La opinión privada
Hace unos días, un profesor de la universidad subió a la tribuna del Parlament para defender una ILP, una iniciativa legislativa popular avalada por 50.000 firmas. Pero en cuanto empezó a hablar, los parlamentarios abandonaron los escaños bostezando y salieron a fumar. El profesor, "indignado" por tan obvio "desprecio", prorrumpió en despectivos exabruptos.
No le faltaba razón, porque sus señorías a cambio de sus sueldos deberían guardar las formas, o sea, disimular el desprecio que les merece la sociedad a la que "representan"; por eso precisamente se llama a los Parlamentos cámaras "de representación popular". Sin embargo, al profesor Caja no debería asombrarle lo sucedido, pues ya advirtió Peter Sloterdijk en El desprecio de las masas que a las masas algunos las adulan, y otros las arengan o las insultan, pero todos las desprecian. Incluso la misma masa se desprecia a sí misma, ya que una de sus características más evidentes es que todos y cada uno de sus miembros desean distinguirse de ella.
Hemos traído aquí esa escena para ilustrar el fenómeno de la paulatina pero constante reducción de todos los valores del juicio al desprecio, como si viviéramos en los versos de Almafuerte: "Yo repudié al feliz, al potentado, / al honesto, al harmónico y al fuerte, / porque pensé que les tocó la suerte / como a cualquier tahúr afortunado".

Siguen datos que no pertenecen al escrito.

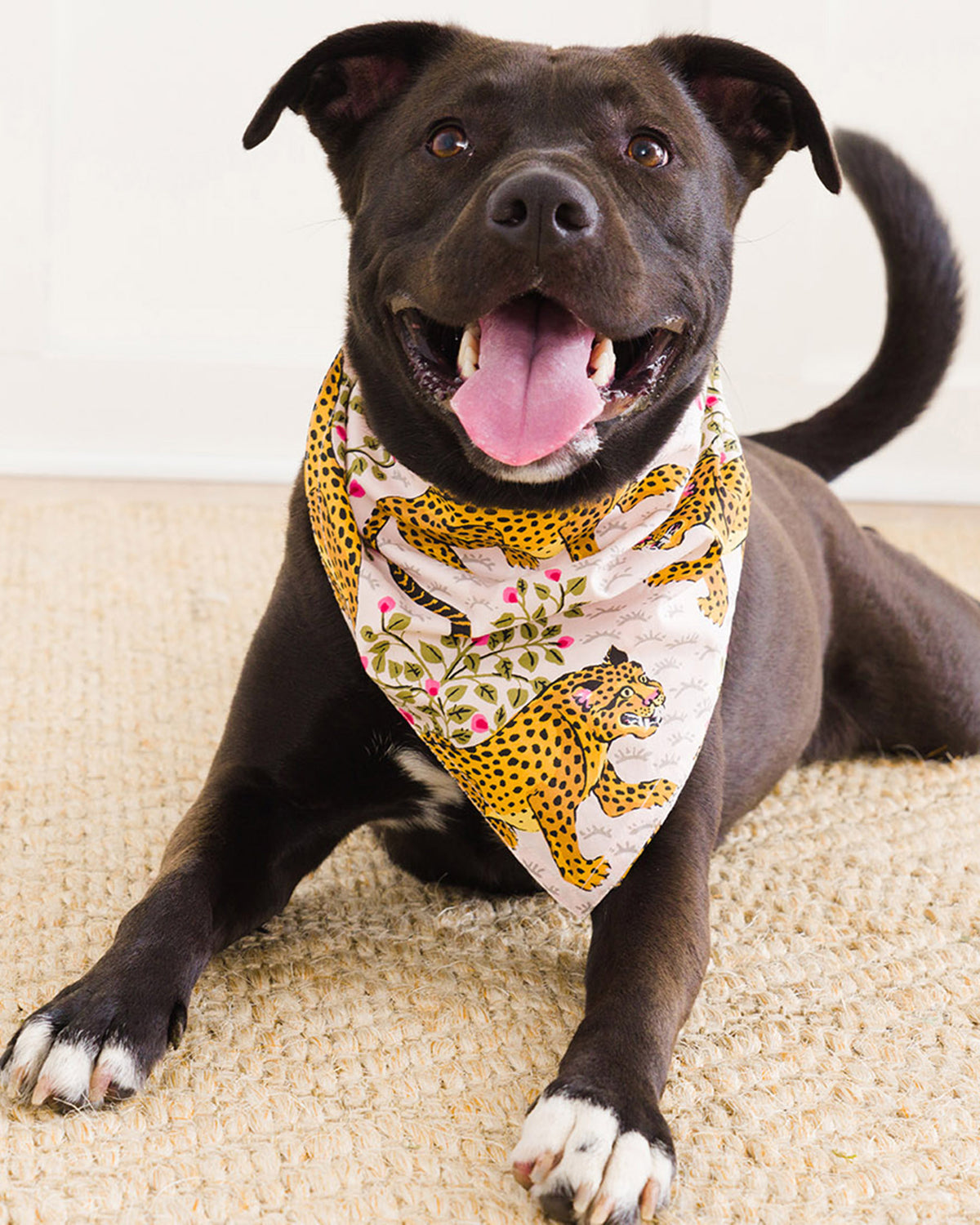 Bagheera - Pet Bandana - Blush - Printfresh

Como fluido pegajoso lo impregna todo. En cuanto a la vida política, lo acabamos de ver, baste añadir que el partido hoy dominante se precia literalmente de "no hacer el indio": rasgo con el que quiere distinguirse de los demás partidos. No sé si con éxito, pues el desprecio de los políticos hacia la gente es recíproco. Algo semejante se observa en los demás estamentos. El mismo fluido repelente circula entre el tribuno del diario y sus lectores, el cura y su feligresía dolorosamente menguante, el artista y el público que no le entiende, entre el editor (que considera al autor pálida sombra de los verdaderos y extintos gigantes) y el autor (que considera al editor un ignorante, un avaro de Galdós); entre los alumnos (qué rancio y qué friki es el profe) y el profesor (todo esfuerzo es inútil con estos analfabetos). Y circula en el ámbito decisivo en términos formativos, la televisión. Sus gestores y agentes, desde la cínica Gestmusic al moralista Ferran Monegal, desprecian a la audiencia por conformarse con los pobres simulacros que le ofrecen, y porque si no la despreciasen les faltaría el valor necesario para rebajarse a confeccionar tales simulacros; a su vez, la audiencia busca en la pantalla ocasión para despreciar y reforzar la autoestima. Si pudiéramos oír la opinión privada de la gente nos sorprendería encontrar en todas las conciencias estas dos palabras:
-¡Qué imbécil!
Un fantasma recorre Barcelona, es el desprecio. Su himno es aquella copla escéptica: "Veracruz no es Vera Cruz / Santo Domingo no es santo, / ni Puerto Rico tan rico / pa que lo veneren tanto". La admiración ha dejado de practicarse, ha pasado a ser una categoría escasa, la poca que queda no se dirige hacia estadistas o artistas, sino a algunos futbolistas y un señor hábil en licuar croquetas. En cuanto a lo que sea respetable, se lo maneja y observa y desmonta con curiosidad arqueológica, a ver cómo se formó semejante artefacto, semejante cosa que tiene, sí, el mérito de parecer respetable sólo hasta que le hayamos descubierto el truco.
En contrapartida, se nos presenta como motivo consolador el hecho de que el odio ha caído en desgracia. En la sociedad de la democracia, la tolerancia y el igualitarismo son inaceptables. Para no frustrarse ha mutado en desprecio: no hay lugar donde todos seamos más iguales.